Given, then, how Miriam worried about the impact of The Late Late Show on her family, the difficulty of not being able to talk to her husband about it becomes all the more apparent. And maybe, she says, that barrier would only have been built upon had she got the job. It's impossible to say now, but maybe her mother was right, and given that Miriam's first marriage -- to journalist Tom McGurk, who is father to her four older children -- ended in divorce, it's not as if Miriam does not understand the essential fragility of human relationships.
Anyway, Miriam laughs, she went through having a loved one as the boss all those years ago in childhood, when her mother was the principal and excessively strict with her kids in school hours to ward off any accusations of favouritism. Maybe, Miriam laughs, she didn't need to revisit that experience with her husband.
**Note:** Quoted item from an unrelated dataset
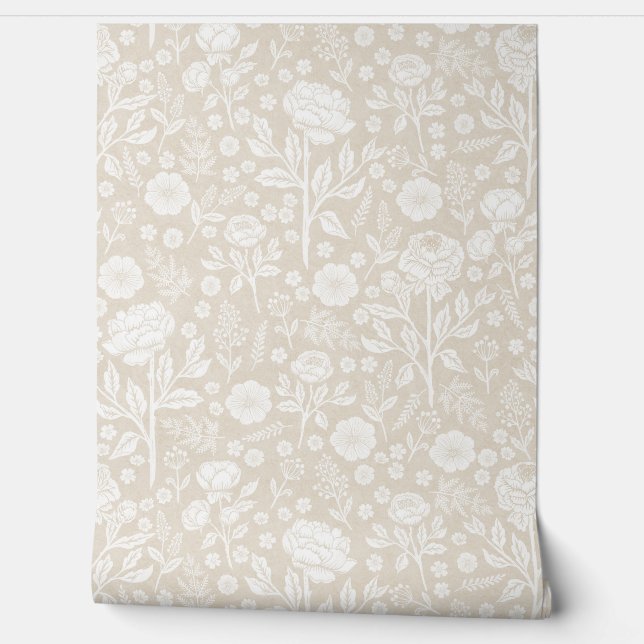 Beige and White Peonies Hand-Drawn Florals Behang (Afrollen)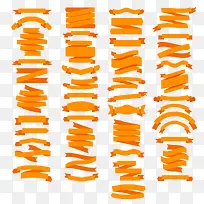 45款橙色丝带设计矢量素材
"There's no point in pretending this was the easiest period in my life," Miriam says. "In all honesty, it was probably the most difficult time, because it was very awkward and it took on a life of its own. In a way, it's a huge load off our shoulders."
And, now, while Ryan Tubridy has The Late Late Show, she still has Prime Time and, oddly enough, her chat show in the offing, with the fourth series of Saturday Night with Miriam. She's keen to get her teeth into it, Miriam says, as six weeks of fun and a bit of light. She insists that the Saturday night show was not launched in 2005 as a grooming for the Late Late job and, further, says that if the rumours that her chat show was cancelled this summer were true, then nobody ever told her. Not officially, anyway, she laughs, but it was one of the many whispers that made its way to her in recent months.
"I'm looking forward to the show now," Miriam says. "It's as if, because I've shut down one chapter in my life, I feel free to try other things. I've turned down so many things over the years, because you don't want people to get sick of you or whatever, but now I'm really looking forward to the chat show.
"I'm doing a programme about men and women and I'm going to do some radio over the summer, and I feel more open to things. Maybe, if I thought this meant I now was going to do nothing but current affairs for the rest of my life, I would be less happy with how things have worked out, but I'm really, really happy."
In all the confusion of recent months, Steve Carson was not the only person with whom Miriam O'Callaghan refrained from mulling over the pros and cons. She also left her eight children out of the process, leaving them to childish things or their own, young-adult issues. When it was all over, however, her 10-year-old son seemed suddenly concerned.
"Does that mean you're not going to be doing the Toy Show?" he asked, with no small disappointment.
"That was his only interest," Miriam laughs. "And that puts things back in perspective."